Like “Food Scientist”, “Statistician” can be interesting. But is it a manly gig? “Don’t mess with him, Jim. He’s a statistician!”
Before laughing, try swapping your own title for mine. See if the sentence becomes less ridiculous. We “Account Managers”, “Financial Specialists”, “Insurance Brokers”, “Customer Relation Managers” are all in the same meek boat.
What’s a manly job? One that if you were to announce it at the bar—a drinking establishment where Pinot Grigio is not on the menu—the men sitting there would not smirk. Preferably, it is something that is done with your hands. Bonus points if it requires dangerous tools. A manly job is one that makes something tangible. It does something noticeable. It’s one that, at the end of the day, you can look back and actually see progress.
Here, then, are my entries. I’ve taken as many as I could from Popular Mechanics (marked with PM) and made inclusions where they were negligent. The entries are in rough order of what I’d rather be doing. Daydreaming is, of course, the real purpose of the list.
- PM Try that “Don’t mess with” sentence with “Bladesmith” as the occupation. It’s a fancier name for Blacksmith. Few titles sound manlier. PM profiles Burt Foster, who can make knives “that can chop through a 2 x 4, shave hair off an arm and bend 90 degrees.” He can also snap your neck in two and is impervious to heat.
- PM Stuntman. If you’ve seen—and appreciated—Burt Reynolds in Hooper, then nothing more need be said.
- PM Baseball Bat Maker. Johnny Damon steps up to the plate and takes the first pitch for a strike. Inge is on third from an earlier single, Ordoñez walked to first. Tigers are down by two runs. Crack! Home run! Tigers win! And it was your bat that did it. That’s both cool and manly.
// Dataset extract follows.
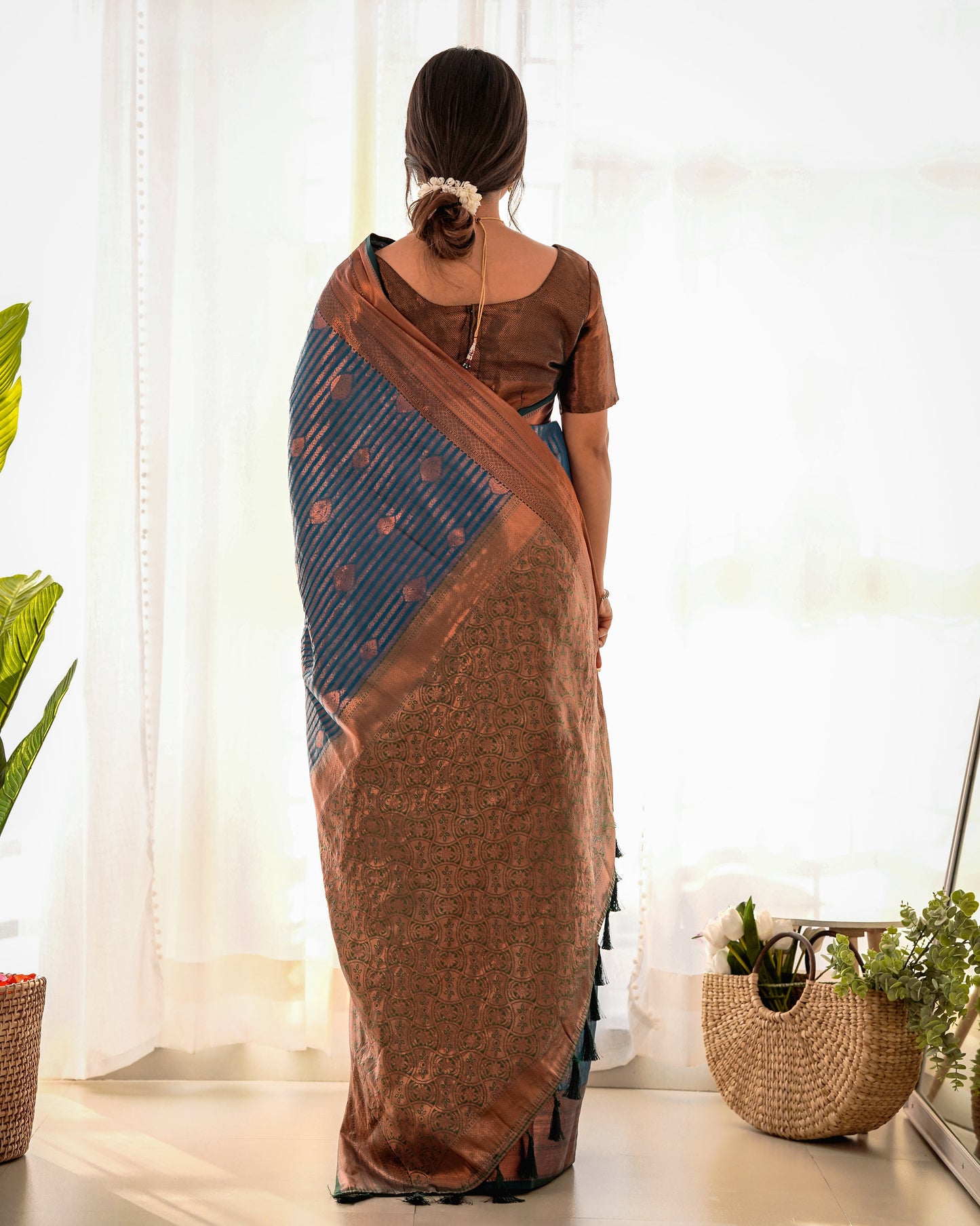 Woven Design Zari Pure Silk Kanjeevaram Saree D5035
- PM Field Mechanic. Any kind of mechanic, to include tool and die men, is surely manly. But fixing flats under fire ratchets up the required testosterone. This is one of the military professions PM included without resorting to admitting the necessity of soldiering.
- PM Grand Canyon River Guide. River Guide—Outback Guide, Tundra Guide, Jungle or Steppe Guide, any kind of expert of navigating nature’s nastiness—just smacks of a movie waiting to be. Here’s rugged Walker Mackay, who has lived on the river all his life. He’s taken hundreds of tours. But something is different about this one. Maybe it’s a chase, maybe it’s hidden treasure, maybe even something about a modern Hole in the Wall Gang. Adventure is just around the next bend.
- Soldier. The profession of arms is nowadays seen as low class when it’s not downright despised. People say, “We support our troops” by which they mean, “Those fools couldn’t find any other job.” An army is an indulgence and not a necessity. History is filled with societies anxious to beat their swords into plowshares only to find their neighbors have done the opposite. But what of men like Alexander, Patton, Ceasar, Joshua, Nelson, Washington, Wellington. That I can just write their last names and that you know exactly who I mean and why, shows the true importance of this profession.
- PM Demolition Blaster What true man doesn’t like to blow stuff up? And to get paid to do it? Sheer bliss.
- PM Fisherman On the open, raging sea. Trying not to be washed overboard. Drinking rum. Hauling in tons of smelly fish. Gutting, scaling and hacking them into Mrs Paul’s you leave to others.
- PM Distilleryman Drink up, men. Anybody can make beer: too many have. These days, microbrew ingredients more closely resemble fruit pie than beer. But it takes a real man to make whiskey.
- Astronaut. A rocketman on a mission to the stars! Even the training is brutal. Nothing is manlier. Unless on that mission, aliens are attacking and you are the Last Hope. Staving off an alien invasion must be the pinnacle of manliness.
Athlete is not on the list because it’s not a job a man can keep much past thirty. Unless it’s golf or curling. Fine sports. But manly?